Acaso podemos crer que, no melhor dos casos, mudando de presidente e elegendo mais deputados, se retrocederá na reforma da previdência, na reforma trabalhista e nas privatizações? Se alguém tentasse e passasse pelos filtros das maiorias qualificadas do Congresso, se enfrentaria ao STF que imediatamente declararia inconstitucional qualquer lei que fosse contra a obra econômica do golpe institucional, que foi realizado para esse objetivo.

Se agitamos a necessidade de uma mobilização de massas que derrube Bolsonaro-Mourão, por que essa mobilização não deveria questionar as instituições golpistas que ficariam impunes e preparadas para impedir qualquer mudança estrutural no país que afetasse os privilégios dos capitalistas e latifundiários? Por que toda essa força deveria se limitar a recompor de forma conservadora as peças desse mesmo regime e suas instituições reacionárias através de novas eleições?

A consigna da Assembleia Constituinte Livre e Soberana tem a função de alentar o questionamento a todo esse regime, mudando não apenas a figura presidencial, mas subvertendo pela raiz todas as instituições escravistas que nos trouxeram até aqui. Uma nova Constituinte, cujo trabalho e decisões não pudessem ser limitados, revistos ou vetados por qualquer instituição do regime burguês, colocaria nas mãos de toda a população a decisão democrática sobre todos os grandes problemas nacionais.

O PT é contrário a alentar um movimento de massas em defesa de uma Assembleia Constituinte, porque isso implicaria enfrentar o conjunto do regime do qual o PT faz parte. O PT desmoralizou sua base com a política do governo Dilma, que traiu até mesmo o mandato formal de sua própria eleição, colocando um tucano como Levy para atacar as conquistas populares. Abriu caminho ao golpe institucional fazendo o jogo do Congresso e do STF, dos procuradores, das cúpulas evangélicas e do agronegócio. Não organizou nenhuma luta séria contra os golpistas. Centrou suas energias em negociar seu lugar no regime golpista. Não contente com tanta capitulação, as distintas alas do PT pedem a renúncia ou o impeachment de Bolsonaro, com o qual defendem um governo de Mourão reforçado por essas mesmas instituições reacionárias.

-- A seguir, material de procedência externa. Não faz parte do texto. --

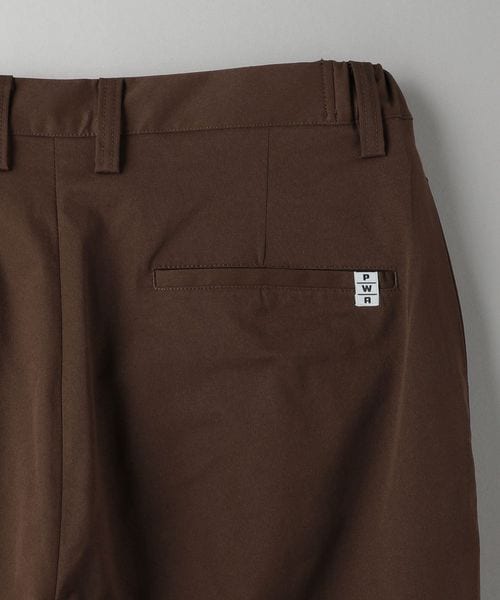 別注】 ＜PWA＞ UNIHOME―05 パンツ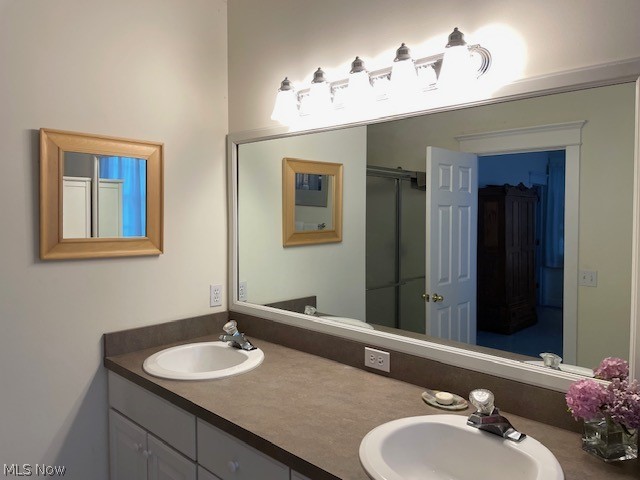 Bay View - Residential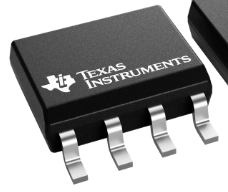 LM9076Q-Q1汽车类150mA电池供电运行(40V)低压降稳压器 Texas Instruments德州仪器TI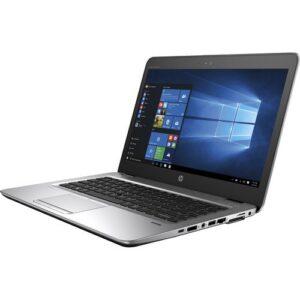 HP EliteBook 840 G4 - Core i7 Laptop in Kenya
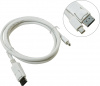 Telecom-TA681-2178182254
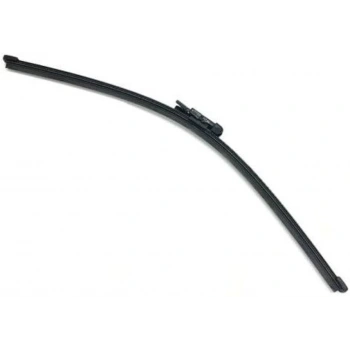 Sılecek Süpürgesı Arka 380 Mm Mercedes W639 Bm 11- (Oem No: A0018206145)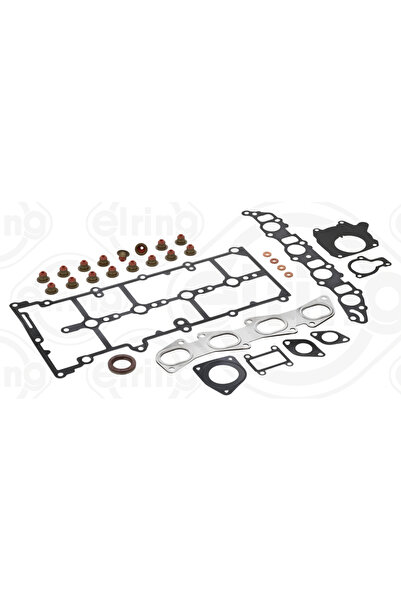 ELRING Set Garnituri Chiulasa Alfa Romeo 147/156/159 Cadillac Bls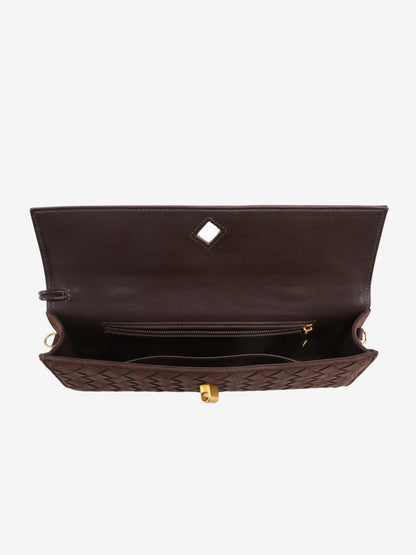 Polished Garment with an Effortless Classic Look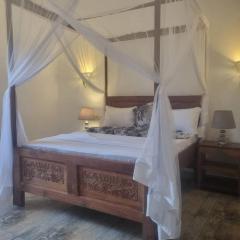 Abdul-Guest House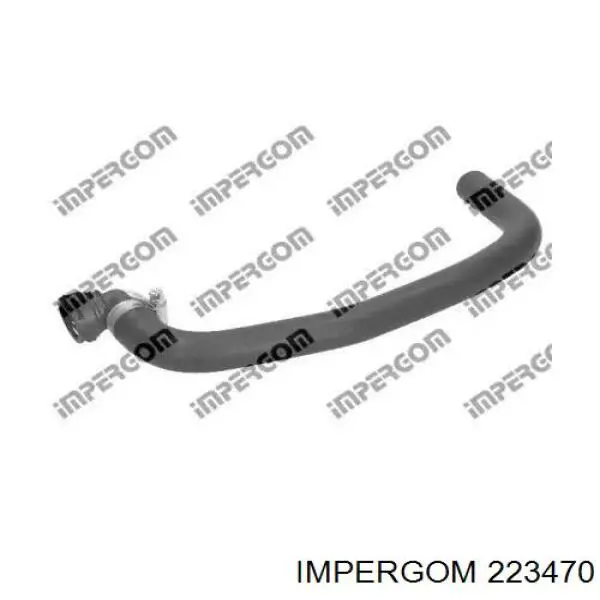 Króciec wentylacji kadłuba (separatora oleju) Impergom 223470 cena, od 16,99 USD
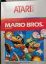 Mario Bros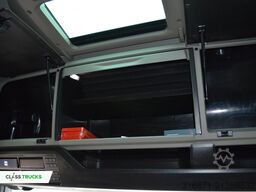 Soest Machinery Soest Machinery Soest Machinery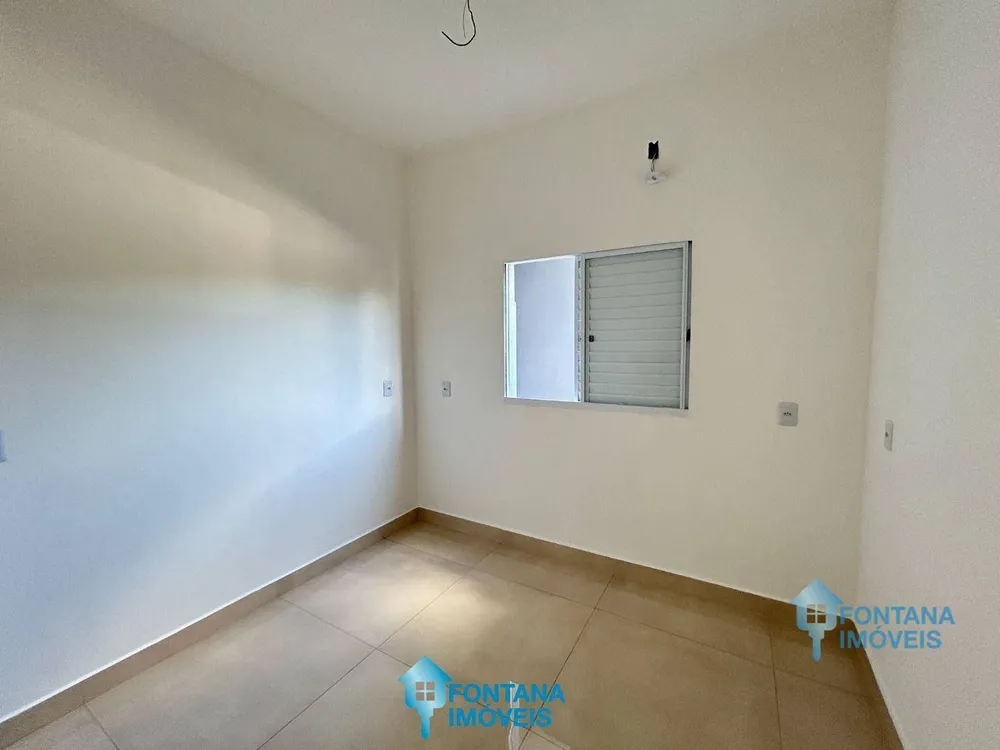 Casa, 2 quartos, 75 m² - Foto 7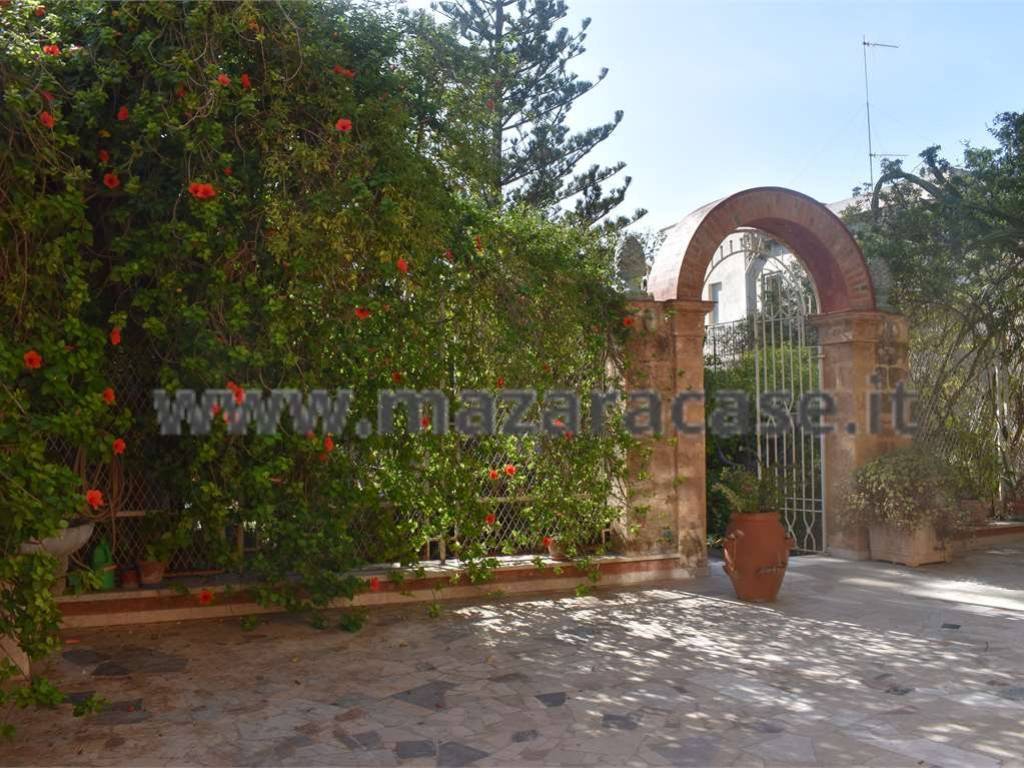 Villa a Mazara del vallo - Foto 2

Não podemos ser parte dessa política de recomposição conservadora do regime. O PSTU fala sobre “soviets”, mas as pessoas não se tornam revolucionárias por obra de magia. Menos ainda se no terreno da consciência das massas se inventa uma “separação por etapas” falando sobre eleições gerais (nesse regime autoritário!), como faz o PSTU, renunciando à experiência dos trabalhadores e da juventude com a política de uma nova Constituinte que faça chocar suas aspirações democráticas com todo o regime autoritário da burguesia pós golpe.

Somos socialistas, e nosso objetivo é expropriar os capitalistas e instalar uma democracia muito superior a mais democrática das repúblicas burguesas. A consigna da Assembleia Constituinte, para que o povo decida tudo de fato, está indissociavelmente ligada à dinâmica permanentista do programa transicional. Organiza o anseio democrático das massas contra o sistema capitalista e seu regime político, e ajudando a que avancem das tarefas democráticas às socialistas, abre caminho para a necessidade de um governo dos trabalhadores de ruptura com o capitalismo. Isso é parte da tradição marxista.

Num momento tão importante do país, diante da crise mundial em curso, o PSTU faria bem se não seguisse abandonando essa tradição marxista, em nome de dar às massas o mesmo objetivo que a burguesia prepara a dar caso se veja contra a parede.